▶ [What to produce]
In your copy of the data, keep every word exact and include no pictures.

▶ [Stored data]
►
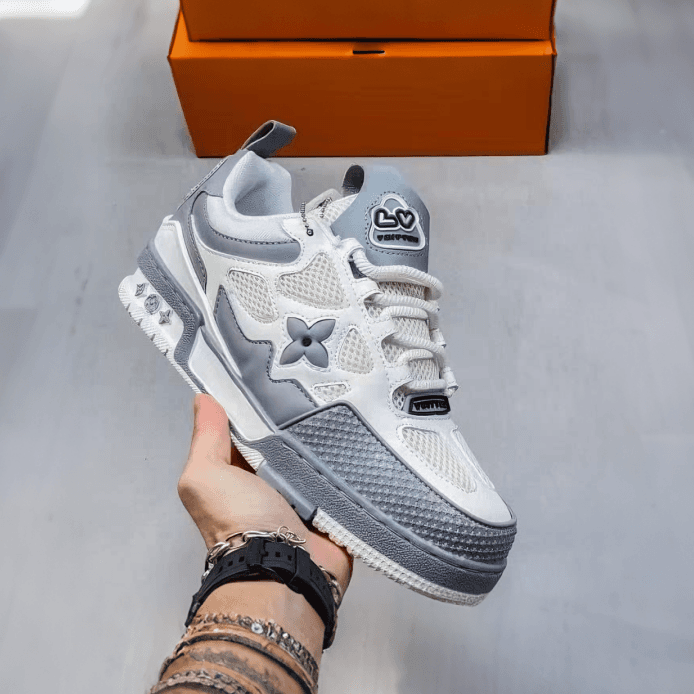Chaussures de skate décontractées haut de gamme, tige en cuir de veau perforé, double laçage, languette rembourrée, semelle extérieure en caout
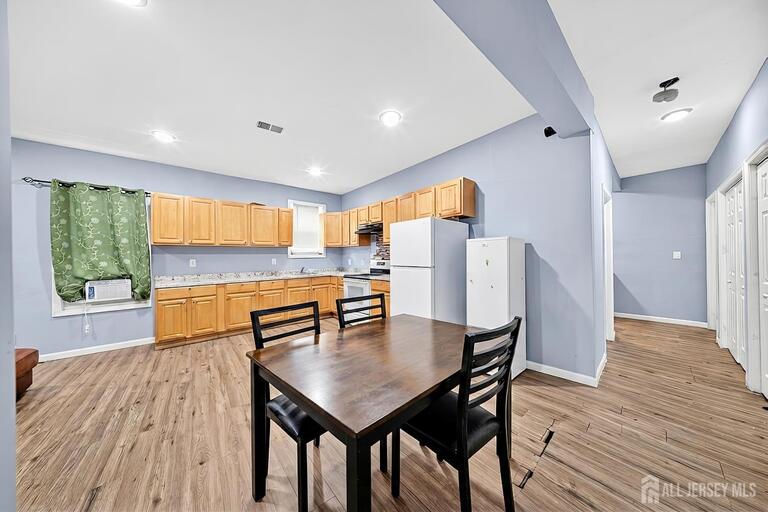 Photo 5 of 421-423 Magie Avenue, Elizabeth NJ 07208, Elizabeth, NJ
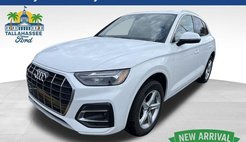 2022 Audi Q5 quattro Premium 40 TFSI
◄
▶ [Response to the exercise]
Chaussures de skate décontractées haut de gamme, tige en cuir de veau perforé, double laçage, languette rembourrée, semelle extérieure en caout
 Photo 5 of 421-423 Magie Avenue, Elizabeth NJ 07208, Elizabeth, NJ
 2022 Audi Q5 quattro Premium 40 TFSI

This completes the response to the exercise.